It was with great fanfare that Trump signed a deal with Ukraine in March that ostensibly handed half the war-torn nation's future oil, gas, and mineral wealth—including rare earths—to the U.S. The only problem is that Ukraine may have abundant reserves of lithium and titanium, but it doesn't actually have rare earths in any sizable deposits worthy of exploitation.
What about Greenland? Trump has repeatedly touted buying or even invading the semi-autonomous Danish province, citing its mineral wealth. In March, Vice President J.D. Vance led a U.S. delegation including National Security Adviser Michael Waltz and Energy Secretary Chris Wright to Greenland. But while Greenland does boast 18% of the world's total rare earth reserves, accessing them is extremely problematic, owing to freezing temperatures and a thick layer of silica. Chinese, American, and European prospectors have spent decades trying to figure out how to extract these resources without any success. Today, Greenland has no functioning rare earth mines.
Other options are more feasible. Brazil has the world's third largest reserves of rare earths and is aggressively exploring this space, while Saudi Arabia also boasts significant deposits and signed a cooperation agreement with the U.S. on critical minerals during Trump's visit in May. MP Materials and Saudi Arabia's national mining company, Maaden, also signed a MoU to collaborate on establishing a rare earth supply chain in the Gulf state.
Meanwhile, Japan's state-owned energy firm JOGMEC and gas firm Iwatani have unveiled plans to invest up to $120 million in a French rare earths refining project.
And with Africa boasting four of the top 10 nations for rare earth exploration last year—namely South Africa, Namibia, Uganda, and Malawi—the continent stands to play a huge role in future supply chains.
But there are also options closer to home. Other than Mountain Pass, Lynas has secured $258 million from the U.S. Department of Defense to build a heavy rare earth refinement facility in Seadrift, Texas. 'The U.S. facility has been designed with the capability to process feedstock from other sources as and when they become available and are qualified,' says Lacaze.
Meanwhile, NioCorp has the permits to build a rare earth processing facility at its Elk Creek Mine in Nebraska and is currently waiting on a $780 million financing agreement with the U.S. Export–Import Bank for the $1.2 billion project, which will take around three years to get online. Smith, the NioCorp CEO, says he is currently 2.5 steps through a four-step approval process, which if greenlighted will provide up to 1,500 jobs during construction followed by a 450-strong full-time crew.

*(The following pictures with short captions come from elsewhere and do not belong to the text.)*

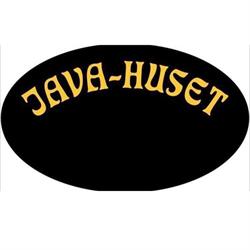 Javahuset, Slagelse åbningstider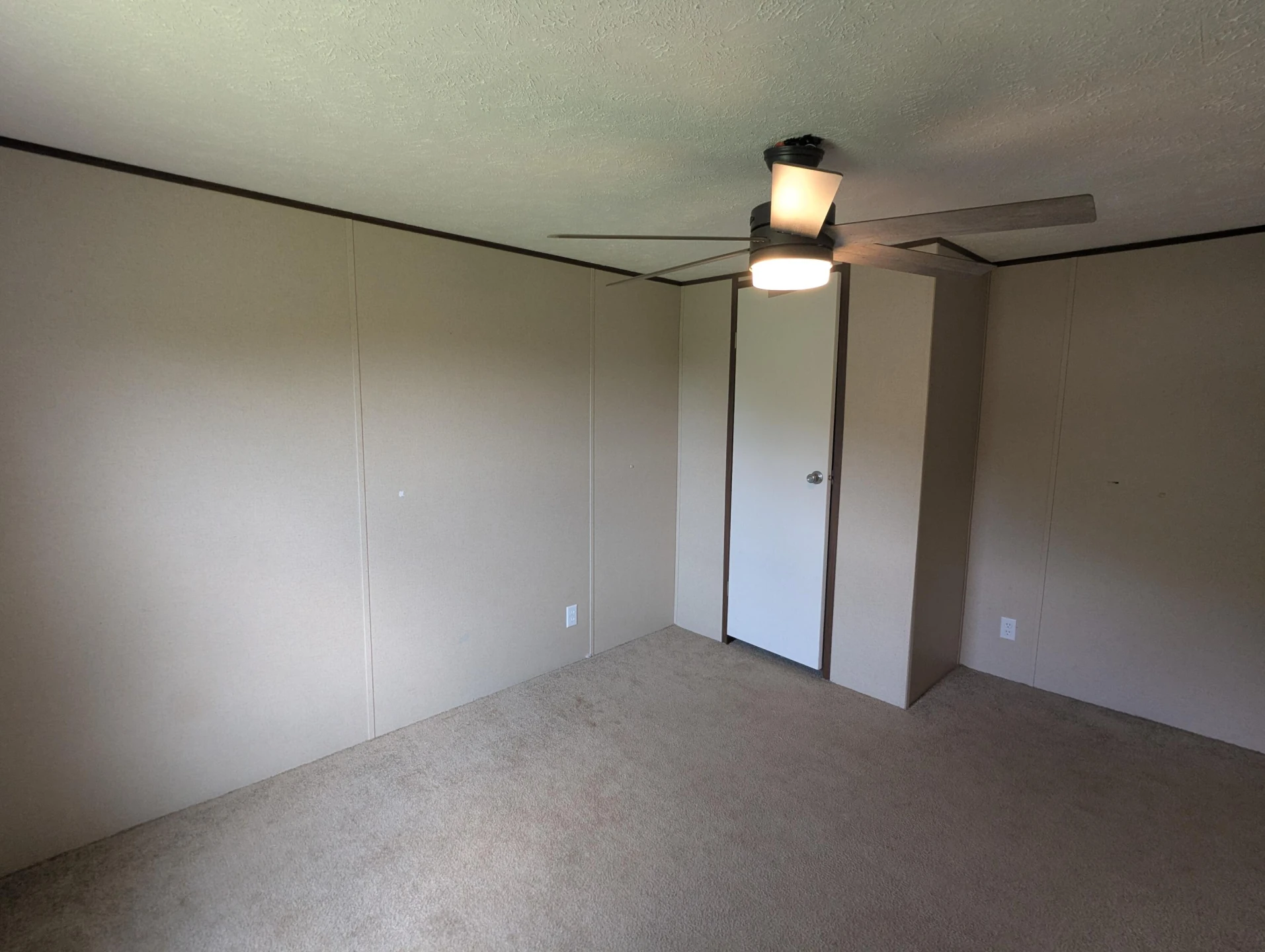5404 Coles RD - Photo 15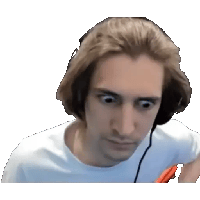 sticker image #27
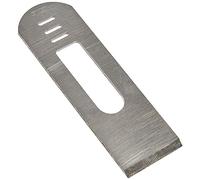 Stanley Lame pour mini-rabot 60 1/2 – 35 mm – Modèle 0-12504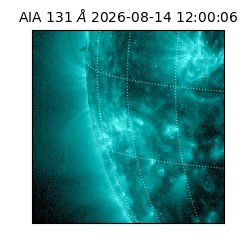 saia - 2026-08-14T12:00:06.623000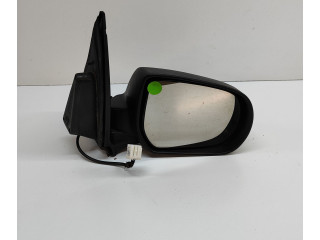 Zpětné zrcátko  Ford Maverick 2002  7L8417682BB5YGY  
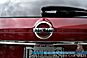 2020 Nissan Rogue SL / AWD / Premium Pkg / Auto Start / Heated Leather Seats & Steering Wheel / Panoramic Sunroof / Navigation / Adaptive Cruise / Blind Spot & Collision Alert / Apple CarPlay & Android Auto / Tow Pkg Anchorage AK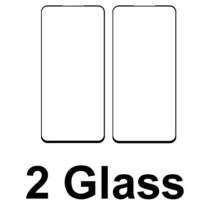 레드미 용 4 IN 1 Glass 노트 프로 max 카메라 렌즈 샤오미 강화 스크린 보호대, 10 레드미 노트 11 글로벌, 04 2 Glass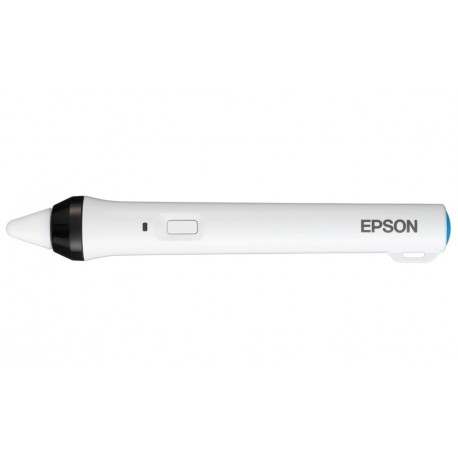 EPSON Interaktivní pero/ ELPPN04B/ pro projektory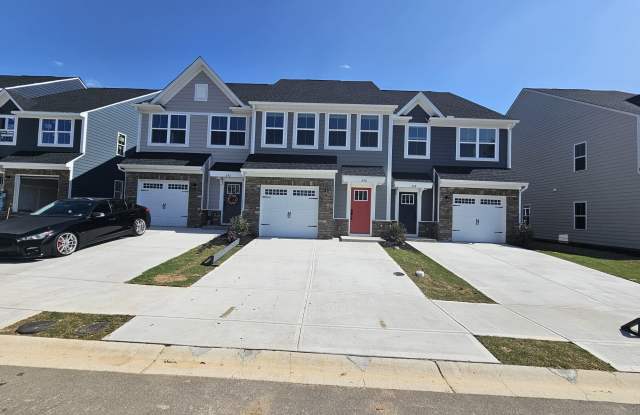 340 Lograto Lane - 340 Lograto Lane, Mauldin, SC 29662 340 Lograto Lane - 340 Lograto Lane, Mauldin, SC 29662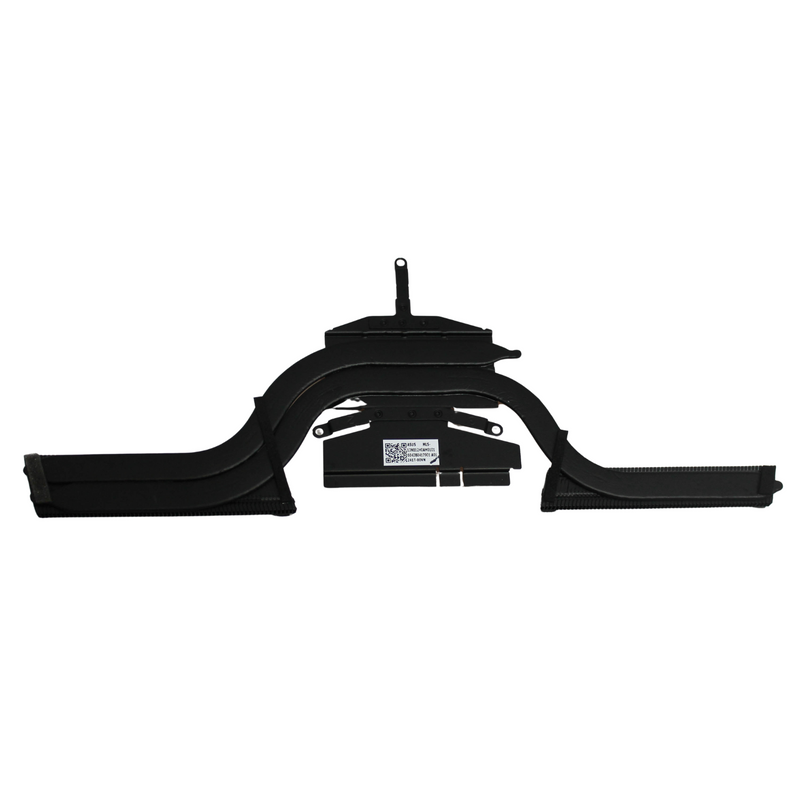 ASUS HEATSINK THERMAL MODULE S5406MA VIVOBOOK S5506MA-WS76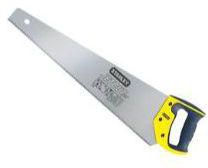 Stanley SAW CARPENTER 
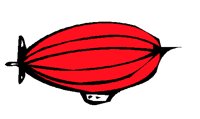 TRAICG00.BMP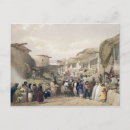 Recherche de countries cartes postales Neighbouring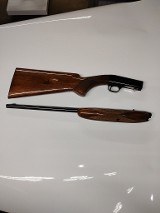 BROWNING SA-22 .22 LR - Image 17 of 25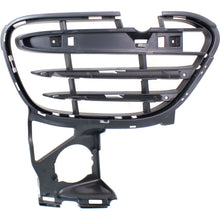 Load image into Gallery viewer, 2011-2014 Porsche Cayenne Bumper Face Bar - Front, Right (95850568211)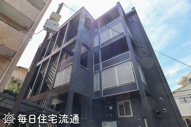 ＮＥＯ貫井町の画像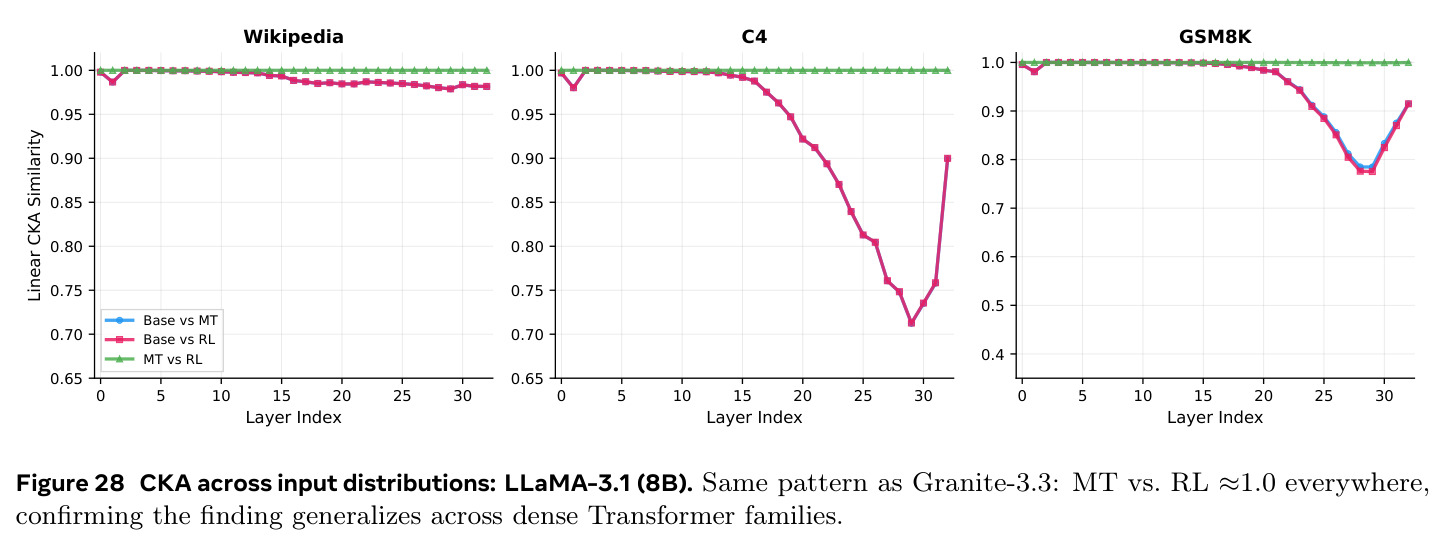 figure_28.jpg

Although Smith predicts Elk Creek could service all Department of Defense dysprosium and terbium needs, he's under no illusions about the scale of the challenge.
'One thing absolutely for sure is that NioCorp, by itself, is not the whole answer to the problem,' he says. 'So we're rooting for anybody to be an additional part of the solution. We need to put all the parts together to really be formidable against China.'
Unfortunately, simply seeding projects in friendly countries doesn't solve the problem. For one, China controls the separation and refining equipment market and placed export controls on those technologies in December 2023. Today, the rare earth refining industry is scrambling to reverse engineer Chinese technologies or innovate entirely new ones.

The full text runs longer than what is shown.